> Exercise brief: Return the records exactly, from the first line through the "Procodis France PF1325" line.

··········

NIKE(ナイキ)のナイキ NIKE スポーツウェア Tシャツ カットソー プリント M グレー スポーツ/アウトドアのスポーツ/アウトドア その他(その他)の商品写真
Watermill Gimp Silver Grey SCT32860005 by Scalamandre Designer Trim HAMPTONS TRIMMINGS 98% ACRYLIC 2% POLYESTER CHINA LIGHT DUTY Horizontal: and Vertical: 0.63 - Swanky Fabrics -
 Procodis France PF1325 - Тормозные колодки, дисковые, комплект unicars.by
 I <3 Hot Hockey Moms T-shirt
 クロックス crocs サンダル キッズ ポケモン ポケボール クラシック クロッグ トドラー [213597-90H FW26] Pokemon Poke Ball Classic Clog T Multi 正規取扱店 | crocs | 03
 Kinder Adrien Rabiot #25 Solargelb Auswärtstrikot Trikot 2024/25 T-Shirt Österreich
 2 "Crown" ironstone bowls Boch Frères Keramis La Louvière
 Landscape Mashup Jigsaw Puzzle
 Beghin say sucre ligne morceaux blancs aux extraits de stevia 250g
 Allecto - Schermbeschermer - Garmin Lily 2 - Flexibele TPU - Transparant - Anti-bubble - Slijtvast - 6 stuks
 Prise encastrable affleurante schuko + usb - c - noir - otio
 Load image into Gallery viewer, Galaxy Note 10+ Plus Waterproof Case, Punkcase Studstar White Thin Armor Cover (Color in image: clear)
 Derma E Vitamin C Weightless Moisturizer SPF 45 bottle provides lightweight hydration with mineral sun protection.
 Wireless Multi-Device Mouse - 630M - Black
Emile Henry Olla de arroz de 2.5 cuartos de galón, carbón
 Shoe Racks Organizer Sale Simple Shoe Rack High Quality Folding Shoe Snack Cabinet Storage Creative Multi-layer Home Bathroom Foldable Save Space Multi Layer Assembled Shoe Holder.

··········

> Solution to this exercise:
NIKE(ナイキ)のナイキ NIKE スポーツウェア Tシャツ カットソー プリント M グレー スポーツ/アウトドアのスポーツ/アウトドア その他(その他)の商品写真
Watermill Gimp Silver Grey SCT32860005 by Scalamandre Designer Trim HAMPTONS TRIMMINGS 98% ACRYLIC 2% POLYESTER CHINA LIGHT DUTY Horizontal: and Vertical: 0.63 - Swanky Fabrics -
 Procodis France PF1325 - Тормозные колодки, дисковые, комплект unicars.by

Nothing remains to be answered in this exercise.